**Input records**

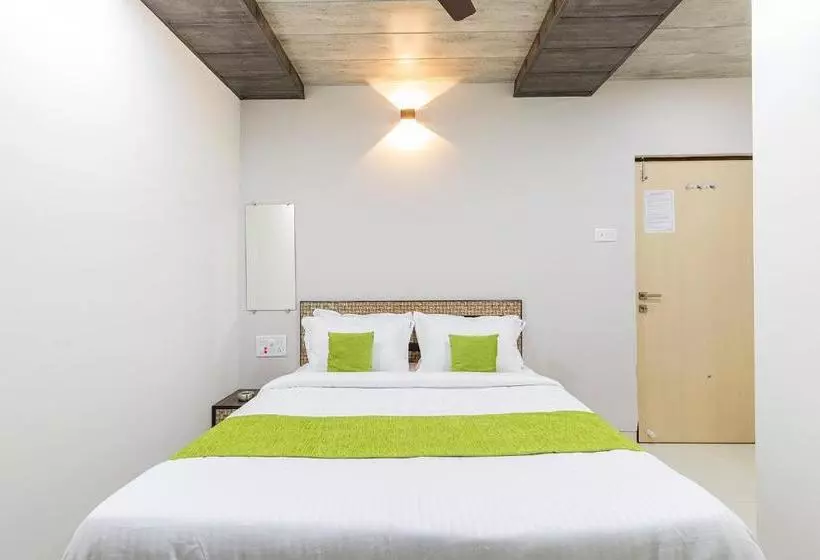 Hotelli Saras Residency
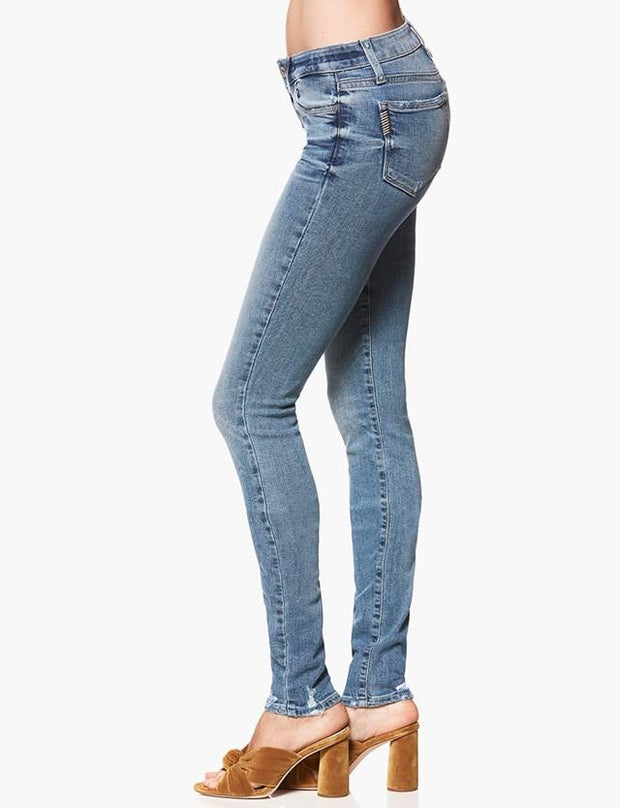 paige leggy jeans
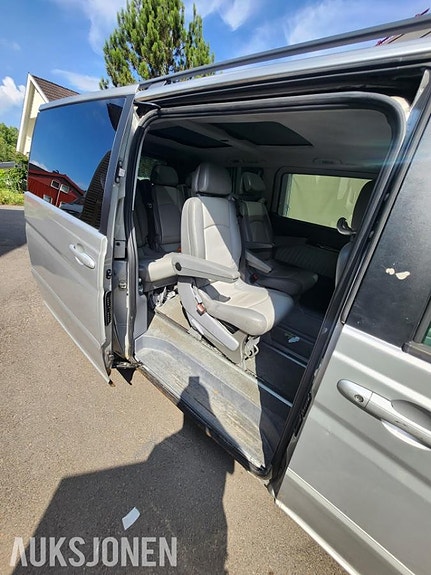 Mercedes-Benz Viano 12 of 30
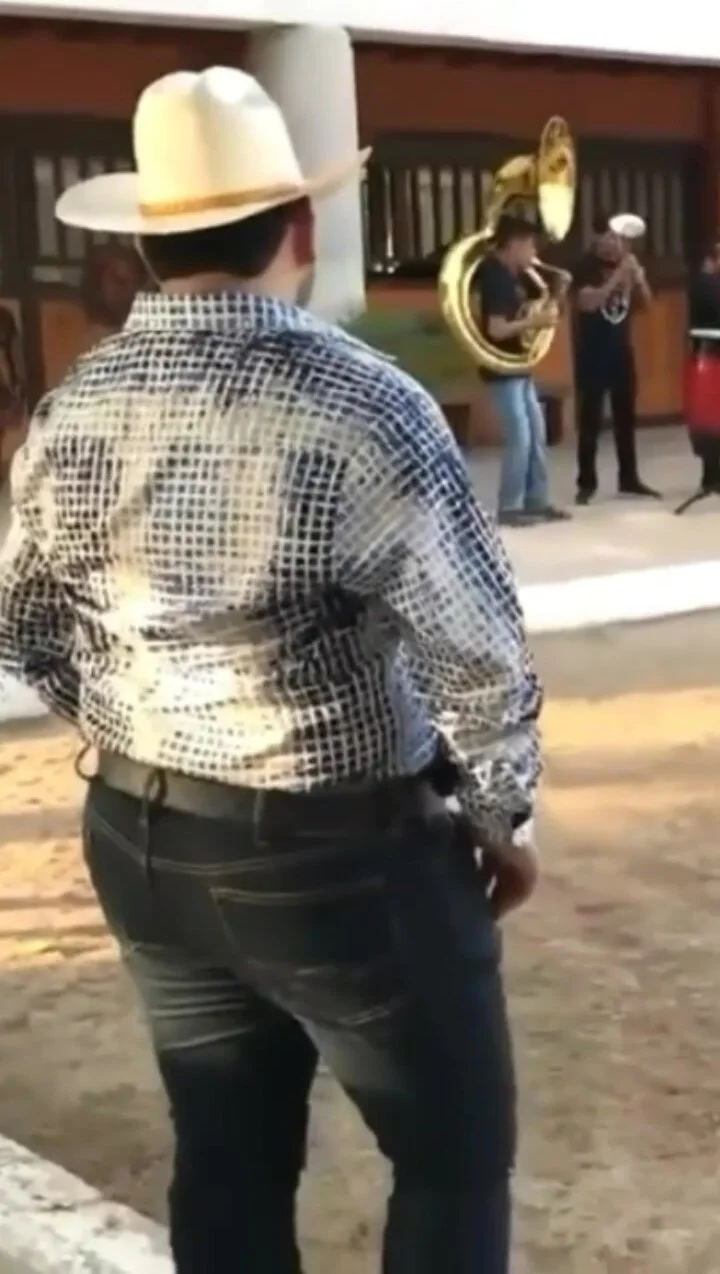 Gordito nalgon vaquero mexicano - ThisVid.com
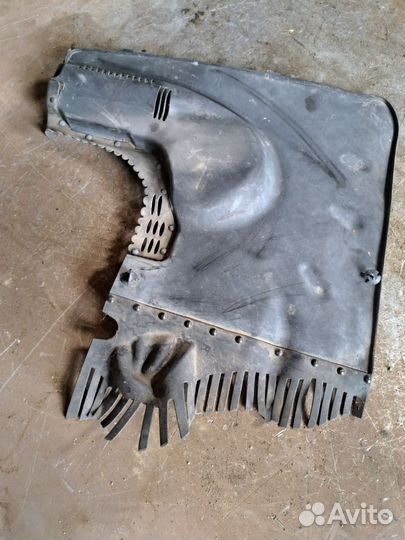 Накладка моторного отсека Mercedes W211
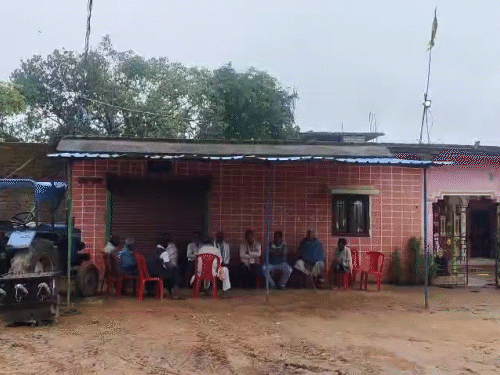 बैगापारा में वारदात के बाद गांव के लोग एकजुट हुए। घरों के बाहर बैठे नजर आए।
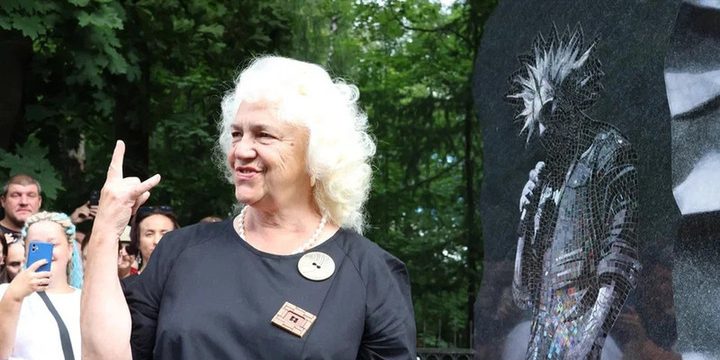 La visita della madre di Gorshok in Carelia: un omaggio alla musica punk-rock e alla cultura russa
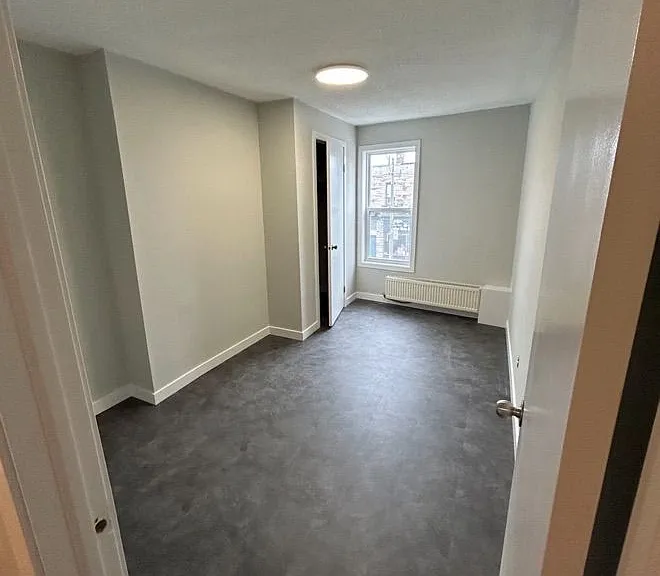 88 Uxbridge Ave #A — Photo 4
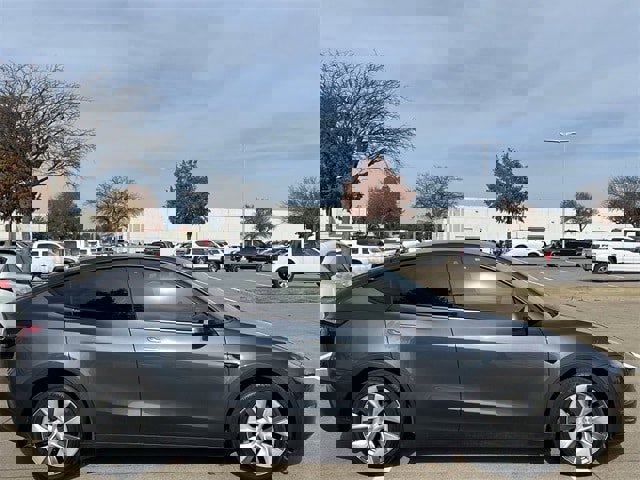 Used 2023 Tesla Model Y Long Range image 3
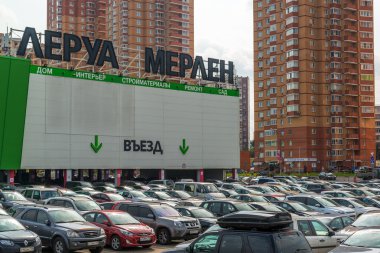 Khimki, Rusya - 12.Eylül.2016. Leroy Merlin önünde büyük otopark - ev ve bahçe için Fransız mağazalar ağı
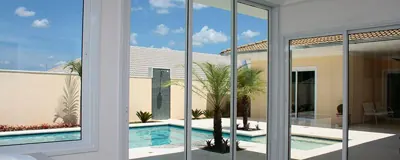Janelas de vidro com vista para piscina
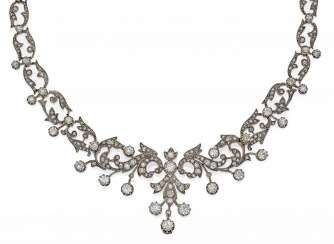 Diamond-Necklace.
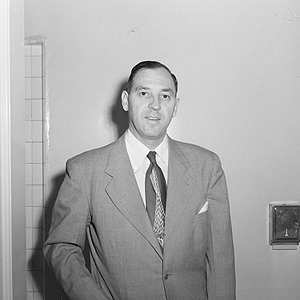 NHL referee-in-chief Carl Voss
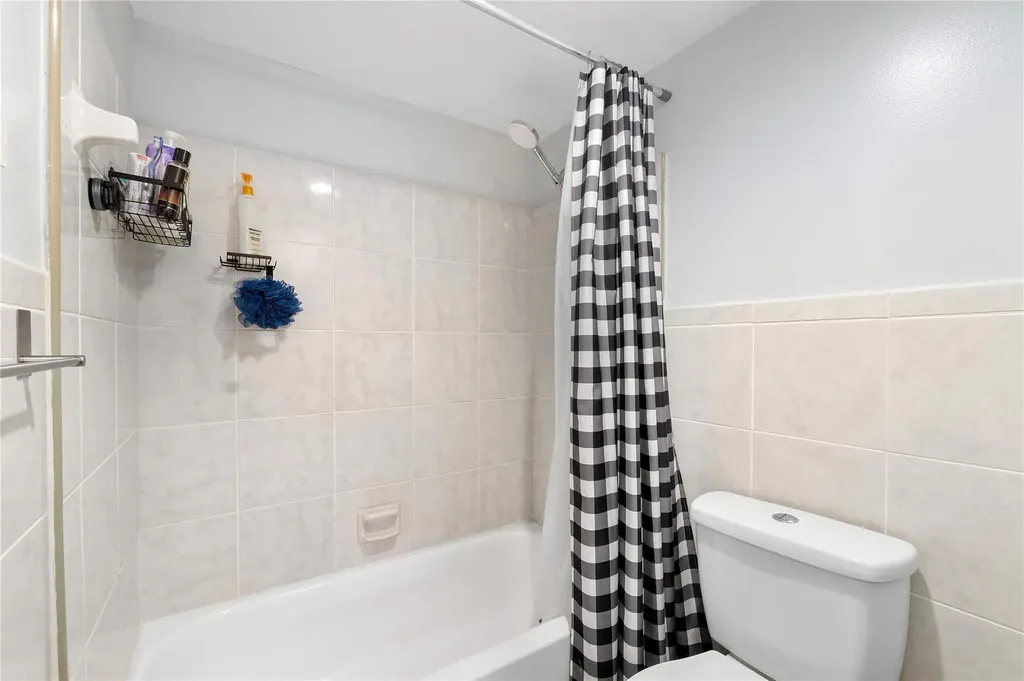 8437 Forest Hills Drive Coral Springs FL 33065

**Work instruction**
Retype exactly the lines from the line containing "Janelas de vidro com vista para piscina" through the end of the entries above, including both ends, and leave every picture out.

**Exercise output**
Janelas de vidro com vista para piscina
 Diamond-Necklace.
 NHL referee-in-chief Carl Voss
 8437 Forest Hills Drive Coral Springs FL 33065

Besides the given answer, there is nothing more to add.